Regardless of momentary breakdowns, the dancer forces herself to feel the passion for her occupation (Satama, 2016) in order to ‘deliver’ onstage. Ballet dancers have been trained to force their material bodies to perform at an extremely high level regardless of how they are feeling. Hence, focussing on the ideal image of ballet enables dancers to overcome their physical limits. The following empirical extract captures the ways in which opening oneself to the audience and building mutual trust in this relationship offstage matters in the process of intersubjectivity development: The movement alone does not light a fire or touch [the spectator]. When the artist is most vulnerable and open, that is the moment when the artist touches the particular audience that is observing. That is when you realise that “this is it”—right here and now, this is when s/he opens up herself for me. (An ethnographic interview extract)

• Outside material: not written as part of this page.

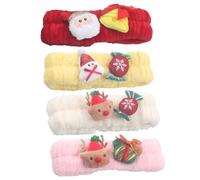 TIDTALEO 4pcs Plush Flannel Christmas Headband for Face Wash Makeup Spa Soft Elastic Hair Accessories Headband Snowman Reindeer Design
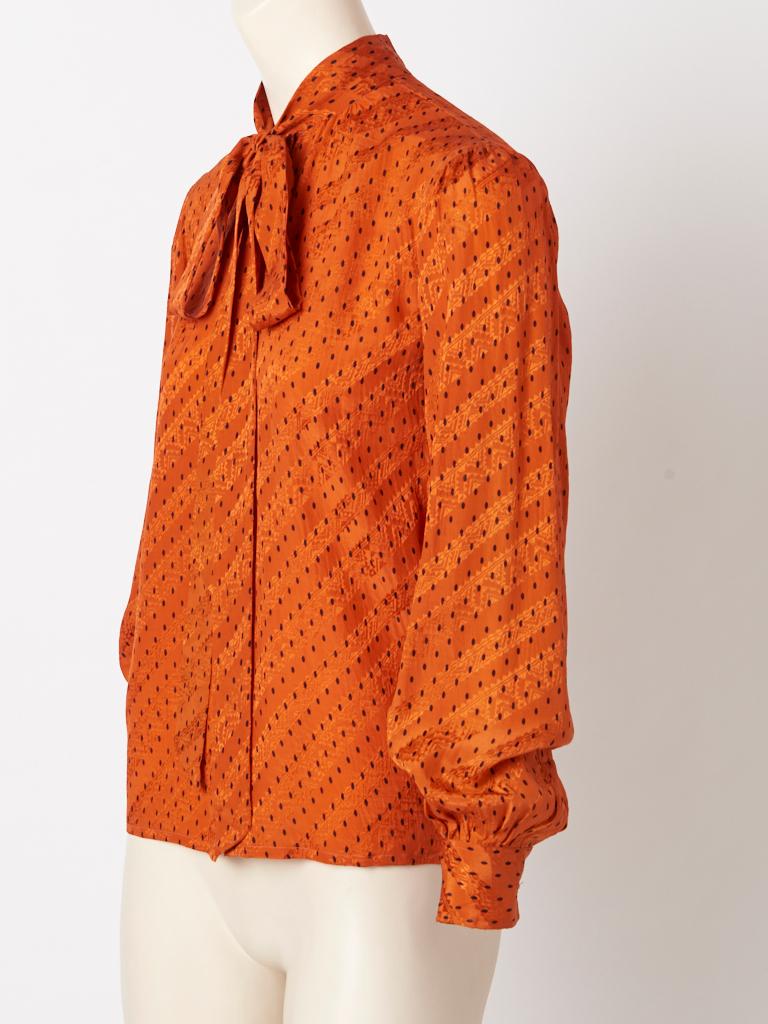 Orange Yves Saint Laurent Patterned Silk Jacquard Blouse For Sale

As the above quote exemplifies, intersubjectivity is the dialectical process of continually (re)constructing subjectivity in the presence of, and in relation to, another (Duncan and Elias, 2021) through inter-corporeal dynamics (Mandalaki, 2019), which connect the embodied agency of a dancer with an audience in the moment offstage.
Sometimes, the stage can be moved to environments outside the opera house, where unexpected audiences can be encountered. As described below, the embodied experience is a special one in unusual performance places. In these situations, the offstage–onstage and intersubjective dynamics of the individual and the collective (Duncan and Elias, 2021) become blurred, and dancers may feel like the audience comes closer to them, as one of the participants explains below: I will remember that moment forever. We were on a tour, and it was an unknown, little village. There was a dosser following our rehearsal on a park bench outdoors. After we had finished the rehearsal, he came to say to me that he had never seen anything so beautiful and thanked us for dancing. It felt unbelievably good, as we could evoke an experience in a normal person who had never seen ballet or visited opera. (An ethnographic interview extract) We sometimes chat with each other in these stretching positions. And when people pass by, they think that “oh, there is an exploded Barbie doll there”. The dancer living in his or her body is so extreme. It demands at least an hour before you can start working. You cannot just go and start talking, as I have done when I have done some hosting gigs. So, tuning your body is an ongoing and essential part of this whole process every day. (A photo-elicitation interview extract)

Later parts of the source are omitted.